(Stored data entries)
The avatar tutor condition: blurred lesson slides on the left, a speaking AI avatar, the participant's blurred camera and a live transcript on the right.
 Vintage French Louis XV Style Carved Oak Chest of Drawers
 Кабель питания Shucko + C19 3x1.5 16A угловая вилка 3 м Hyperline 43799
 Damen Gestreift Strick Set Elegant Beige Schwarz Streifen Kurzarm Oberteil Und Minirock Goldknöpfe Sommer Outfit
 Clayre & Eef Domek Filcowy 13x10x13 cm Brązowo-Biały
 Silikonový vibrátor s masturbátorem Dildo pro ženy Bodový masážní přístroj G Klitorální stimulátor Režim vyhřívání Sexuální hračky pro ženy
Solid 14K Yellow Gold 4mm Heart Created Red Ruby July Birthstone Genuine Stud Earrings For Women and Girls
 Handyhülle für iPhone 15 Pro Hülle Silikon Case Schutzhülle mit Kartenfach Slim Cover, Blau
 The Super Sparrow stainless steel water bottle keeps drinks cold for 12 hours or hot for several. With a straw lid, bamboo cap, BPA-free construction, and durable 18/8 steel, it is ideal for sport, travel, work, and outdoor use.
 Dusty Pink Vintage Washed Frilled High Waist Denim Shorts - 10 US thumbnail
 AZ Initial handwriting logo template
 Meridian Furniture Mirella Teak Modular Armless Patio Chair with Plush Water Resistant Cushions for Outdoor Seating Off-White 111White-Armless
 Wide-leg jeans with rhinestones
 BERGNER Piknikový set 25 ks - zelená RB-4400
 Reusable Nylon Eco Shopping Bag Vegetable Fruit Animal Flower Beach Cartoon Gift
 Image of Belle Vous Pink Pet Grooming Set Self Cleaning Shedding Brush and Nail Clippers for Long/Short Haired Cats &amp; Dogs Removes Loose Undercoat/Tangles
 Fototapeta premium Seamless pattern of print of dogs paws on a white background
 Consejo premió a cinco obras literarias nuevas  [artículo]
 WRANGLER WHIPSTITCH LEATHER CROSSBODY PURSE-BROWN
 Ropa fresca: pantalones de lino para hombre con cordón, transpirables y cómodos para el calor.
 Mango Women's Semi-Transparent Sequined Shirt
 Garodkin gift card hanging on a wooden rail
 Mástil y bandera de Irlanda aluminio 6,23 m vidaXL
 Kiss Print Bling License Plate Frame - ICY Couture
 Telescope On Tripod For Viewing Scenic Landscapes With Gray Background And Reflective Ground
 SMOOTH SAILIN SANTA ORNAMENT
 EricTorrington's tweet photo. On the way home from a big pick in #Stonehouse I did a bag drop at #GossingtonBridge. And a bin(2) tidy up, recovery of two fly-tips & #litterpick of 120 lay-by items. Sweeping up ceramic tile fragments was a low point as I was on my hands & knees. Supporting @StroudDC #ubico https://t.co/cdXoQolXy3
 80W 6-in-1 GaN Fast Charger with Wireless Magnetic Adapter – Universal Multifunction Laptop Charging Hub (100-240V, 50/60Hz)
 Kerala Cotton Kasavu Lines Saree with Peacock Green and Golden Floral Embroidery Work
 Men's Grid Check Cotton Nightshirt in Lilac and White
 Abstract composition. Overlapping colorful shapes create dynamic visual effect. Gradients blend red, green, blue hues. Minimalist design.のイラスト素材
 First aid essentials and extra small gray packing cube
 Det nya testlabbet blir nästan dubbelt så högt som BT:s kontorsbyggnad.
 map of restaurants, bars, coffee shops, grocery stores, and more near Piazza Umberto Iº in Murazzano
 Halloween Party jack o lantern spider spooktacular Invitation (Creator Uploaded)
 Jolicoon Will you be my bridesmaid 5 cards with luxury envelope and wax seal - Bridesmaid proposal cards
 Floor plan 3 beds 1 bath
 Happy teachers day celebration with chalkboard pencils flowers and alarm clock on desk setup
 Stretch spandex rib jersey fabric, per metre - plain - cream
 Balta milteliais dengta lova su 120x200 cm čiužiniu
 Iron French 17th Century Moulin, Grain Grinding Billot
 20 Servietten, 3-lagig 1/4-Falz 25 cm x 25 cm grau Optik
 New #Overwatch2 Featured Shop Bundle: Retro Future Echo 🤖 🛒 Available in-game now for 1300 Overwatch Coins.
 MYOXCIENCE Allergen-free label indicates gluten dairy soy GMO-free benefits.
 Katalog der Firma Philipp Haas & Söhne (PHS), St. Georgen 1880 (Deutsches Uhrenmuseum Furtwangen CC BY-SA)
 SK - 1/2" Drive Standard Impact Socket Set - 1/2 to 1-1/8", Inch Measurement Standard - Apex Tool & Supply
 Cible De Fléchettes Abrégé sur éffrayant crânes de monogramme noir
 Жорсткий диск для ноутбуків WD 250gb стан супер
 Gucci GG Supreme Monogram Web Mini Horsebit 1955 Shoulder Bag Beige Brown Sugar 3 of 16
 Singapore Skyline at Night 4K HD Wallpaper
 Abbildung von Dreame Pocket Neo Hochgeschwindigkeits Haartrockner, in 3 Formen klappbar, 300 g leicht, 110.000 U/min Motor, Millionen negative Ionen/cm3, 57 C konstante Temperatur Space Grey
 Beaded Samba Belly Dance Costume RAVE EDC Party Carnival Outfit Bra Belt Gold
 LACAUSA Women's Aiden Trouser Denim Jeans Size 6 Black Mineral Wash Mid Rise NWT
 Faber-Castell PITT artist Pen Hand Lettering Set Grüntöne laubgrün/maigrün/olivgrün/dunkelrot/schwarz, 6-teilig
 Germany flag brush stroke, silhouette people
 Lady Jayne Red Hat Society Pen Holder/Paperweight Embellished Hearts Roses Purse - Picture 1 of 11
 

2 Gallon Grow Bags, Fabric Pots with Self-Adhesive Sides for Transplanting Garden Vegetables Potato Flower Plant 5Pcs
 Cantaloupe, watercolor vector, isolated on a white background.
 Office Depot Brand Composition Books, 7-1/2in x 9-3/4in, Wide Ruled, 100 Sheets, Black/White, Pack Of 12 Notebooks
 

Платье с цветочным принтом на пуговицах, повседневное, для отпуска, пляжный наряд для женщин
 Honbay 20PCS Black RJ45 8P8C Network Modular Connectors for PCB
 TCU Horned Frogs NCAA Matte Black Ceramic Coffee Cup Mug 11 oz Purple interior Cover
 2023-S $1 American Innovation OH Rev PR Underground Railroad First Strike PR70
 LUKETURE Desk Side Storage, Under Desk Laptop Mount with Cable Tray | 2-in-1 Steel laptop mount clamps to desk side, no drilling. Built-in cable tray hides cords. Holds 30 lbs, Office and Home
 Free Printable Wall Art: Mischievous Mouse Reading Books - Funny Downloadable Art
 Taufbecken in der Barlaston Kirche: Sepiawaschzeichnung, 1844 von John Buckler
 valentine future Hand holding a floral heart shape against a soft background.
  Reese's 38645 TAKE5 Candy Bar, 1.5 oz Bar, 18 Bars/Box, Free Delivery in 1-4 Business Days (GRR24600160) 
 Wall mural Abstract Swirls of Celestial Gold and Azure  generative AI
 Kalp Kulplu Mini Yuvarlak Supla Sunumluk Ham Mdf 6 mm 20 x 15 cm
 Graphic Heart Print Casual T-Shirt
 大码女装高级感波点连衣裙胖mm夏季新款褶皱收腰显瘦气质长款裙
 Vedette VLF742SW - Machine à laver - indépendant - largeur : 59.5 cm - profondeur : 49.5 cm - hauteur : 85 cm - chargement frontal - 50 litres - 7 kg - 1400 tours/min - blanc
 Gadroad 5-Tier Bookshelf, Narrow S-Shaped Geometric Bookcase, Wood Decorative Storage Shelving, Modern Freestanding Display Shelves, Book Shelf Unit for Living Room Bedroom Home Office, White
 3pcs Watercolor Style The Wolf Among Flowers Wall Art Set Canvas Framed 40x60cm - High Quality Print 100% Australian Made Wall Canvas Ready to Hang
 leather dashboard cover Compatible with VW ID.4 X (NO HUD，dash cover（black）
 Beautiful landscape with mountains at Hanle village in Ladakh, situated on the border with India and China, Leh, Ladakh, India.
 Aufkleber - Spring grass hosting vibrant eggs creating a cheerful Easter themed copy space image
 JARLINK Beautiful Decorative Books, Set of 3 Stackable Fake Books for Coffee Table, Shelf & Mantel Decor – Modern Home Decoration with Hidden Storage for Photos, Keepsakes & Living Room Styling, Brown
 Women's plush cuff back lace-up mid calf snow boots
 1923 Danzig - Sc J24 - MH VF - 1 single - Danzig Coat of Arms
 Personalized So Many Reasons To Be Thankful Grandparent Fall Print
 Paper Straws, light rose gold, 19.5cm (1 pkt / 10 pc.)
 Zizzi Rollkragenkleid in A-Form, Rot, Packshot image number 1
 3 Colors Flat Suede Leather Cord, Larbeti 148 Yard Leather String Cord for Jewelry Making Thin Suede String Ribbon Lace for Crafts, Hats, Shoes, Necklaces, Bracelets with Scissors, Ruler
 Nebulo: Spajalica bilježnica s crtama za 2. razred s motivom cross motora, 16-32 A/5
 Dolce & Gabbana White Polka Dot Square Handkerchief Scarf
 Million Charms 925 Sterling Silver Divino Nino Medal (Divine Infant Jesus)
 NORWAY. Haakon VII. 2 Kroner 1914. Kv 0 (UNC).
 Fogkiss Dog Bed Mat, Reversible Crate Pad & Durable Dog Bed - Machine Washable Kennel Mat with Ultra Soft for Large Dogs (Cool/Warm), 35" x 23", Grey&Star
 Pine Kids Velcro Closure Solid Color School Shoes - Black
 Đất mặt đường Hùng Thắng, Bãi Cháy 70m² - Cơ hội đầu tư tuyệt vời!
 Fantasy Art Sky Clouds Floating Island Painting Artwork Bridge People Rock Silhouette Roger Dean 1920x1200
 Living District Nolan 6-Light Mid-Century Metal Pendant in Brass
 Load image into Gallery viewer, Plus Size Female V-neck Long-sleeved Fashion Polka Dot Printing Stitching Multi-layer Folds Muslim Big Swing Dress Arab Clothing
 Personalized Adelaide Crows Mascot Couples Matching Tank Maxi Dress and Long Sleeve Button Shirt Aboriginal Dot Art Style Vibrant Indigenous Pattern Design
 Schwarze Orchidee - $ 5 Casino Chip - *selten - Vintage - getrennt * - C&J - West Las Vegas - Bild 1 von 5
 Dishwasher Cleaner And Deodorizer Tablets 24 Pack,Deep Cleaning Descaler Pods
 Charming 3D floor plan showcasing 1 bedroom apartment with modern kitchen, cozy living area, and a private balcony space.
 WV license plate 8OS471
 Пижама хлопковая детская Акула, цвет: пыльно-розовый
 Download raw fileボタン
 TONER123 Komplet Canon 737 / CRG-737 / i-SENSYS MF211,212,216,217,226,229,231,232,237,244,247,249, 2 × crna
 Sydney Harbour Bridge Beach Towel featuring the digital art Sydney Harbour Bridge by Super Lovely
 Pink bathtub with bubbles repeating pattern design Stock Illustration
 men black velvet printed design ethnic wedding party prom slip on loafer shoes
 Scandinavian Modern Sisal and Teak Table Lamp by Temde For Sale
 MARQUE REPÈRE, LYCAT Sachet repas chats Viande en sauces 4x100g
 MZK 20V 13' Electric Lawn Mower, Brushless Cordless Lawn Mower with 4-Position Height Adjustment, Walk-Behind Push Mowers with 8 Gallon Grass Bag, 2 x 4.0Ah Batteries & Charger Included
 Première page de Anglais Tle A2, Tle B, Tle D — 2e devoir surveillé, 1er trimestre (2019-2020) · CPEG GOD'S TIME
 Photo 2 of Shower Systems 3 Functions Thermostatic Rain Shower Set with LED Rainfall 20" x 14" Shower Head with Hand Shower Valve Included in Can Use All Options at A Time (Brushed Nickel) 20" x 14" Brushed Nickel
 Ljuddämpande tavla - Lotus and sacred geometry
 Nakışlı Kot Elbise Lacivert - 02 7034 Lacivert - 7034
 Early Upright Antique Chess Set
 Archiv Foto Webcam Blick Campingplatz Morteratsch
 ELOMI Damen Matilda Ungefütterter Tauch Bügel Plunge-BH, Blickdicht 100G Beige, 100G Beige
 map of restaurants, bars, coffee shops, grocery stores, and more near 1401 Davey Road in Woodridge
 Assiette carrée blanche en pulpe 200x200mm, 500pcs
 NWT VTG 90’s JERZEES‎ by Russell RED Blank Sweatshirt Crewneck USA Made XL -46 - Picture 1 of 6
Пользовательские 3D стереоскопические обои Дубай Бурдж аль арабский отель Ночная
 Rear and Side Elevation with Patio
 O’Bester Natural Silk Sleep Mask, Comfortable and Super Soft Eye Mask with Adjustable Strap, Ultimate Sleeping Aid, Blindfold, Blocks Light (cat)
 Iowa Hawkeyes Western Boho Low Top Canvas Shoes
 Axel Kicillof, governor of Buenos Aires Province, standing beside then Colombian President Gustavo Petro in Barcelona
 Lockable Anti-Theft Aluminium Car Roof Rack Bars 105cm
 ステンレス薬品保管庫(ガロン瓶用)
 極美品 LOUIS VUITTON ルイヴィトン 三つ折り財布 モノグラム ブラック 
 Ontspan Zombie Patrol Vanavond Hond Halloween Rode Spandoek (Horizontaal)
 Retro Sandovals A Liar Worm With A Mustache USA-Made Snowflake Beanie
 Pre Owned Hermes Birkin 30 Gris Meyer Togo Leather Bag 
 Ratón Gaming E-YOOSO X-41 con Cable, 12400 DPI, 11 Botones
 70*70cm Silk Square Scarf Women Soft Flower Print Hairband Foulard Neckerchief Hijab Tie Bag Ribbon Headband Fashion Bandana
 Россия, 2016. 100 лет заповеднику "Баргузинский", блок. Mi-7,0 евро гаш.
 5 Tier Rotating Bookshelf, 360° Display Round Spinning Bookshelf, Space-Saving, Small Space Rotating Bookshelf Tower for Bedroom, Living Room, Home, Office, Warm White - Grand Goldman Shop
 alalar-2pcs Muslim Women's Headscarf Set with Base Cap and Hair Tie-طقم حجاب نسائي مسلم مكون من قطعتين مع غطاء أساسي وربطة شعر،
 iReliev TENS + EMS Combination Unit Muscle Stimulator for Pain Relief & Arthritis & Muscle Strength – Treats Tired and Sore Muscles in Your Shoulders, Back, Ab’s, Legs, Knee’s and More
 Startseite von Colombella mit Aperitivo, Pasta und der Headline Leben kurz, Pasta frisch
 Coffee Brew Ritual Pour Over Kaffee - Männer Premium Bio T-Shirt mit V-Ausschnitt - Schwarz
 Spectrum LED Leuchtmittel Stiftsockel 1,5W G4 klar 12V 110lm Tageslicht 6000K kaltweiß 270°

> _WHAT THE TASK REQUIRES_
Reproduce only the lines above, starting at the line with "Pine Kids Velcro" and ending at the line with "Download raw fileボタン", exactly as written.

> _EXERCISE ANSWER_
 Pine Kids Velcro Closure Solid Color School Shoes - Black
 Đất mặt đường Hùng Thắng, Bãi Cháy 70m² - Cơ hội đầu tư tuyệt vời!
 Fantasy Art Sky Clouds Floating Island Painting Artwork Bridge People Rock Silhouette Roger Dean 1920x1200
 Living District Nolan 6-Light Mid-Century Metal Pendant in Brass
 Load image into Gallery viewer, Plus Size Female V-neck Long-sleeved Fashion Polka Dot Printing Stitching Multi-layer Folds Muslim Big Swing Dress Arab Clothing
 Personalized Adelaide Crows Mascot Couples Matching Tank Maxi Dress and Long Sleeve Button Shirt Aboriginal Dot Art Style Vibrant Indigenous Pattern Design
 Schwarze Orchidee - $ 5 Casino Chip - *selten - Vintage - getrennt * - C&J - West Las Vegas - Bild 1 von 5
 Dishwasher Cleaner And Deodorizer Tablets 24 Pack,Deep Cleaning Descaler Pods
 Charming 3D floor plan showcasing 1 bedroom apartment with modern kitchen, cozy living area, and a private balcony space.
 WV license plate 8OS471
 Пижама хлопковая детская Акула, цвет: пыльно-розовый
 Download raw fileボタン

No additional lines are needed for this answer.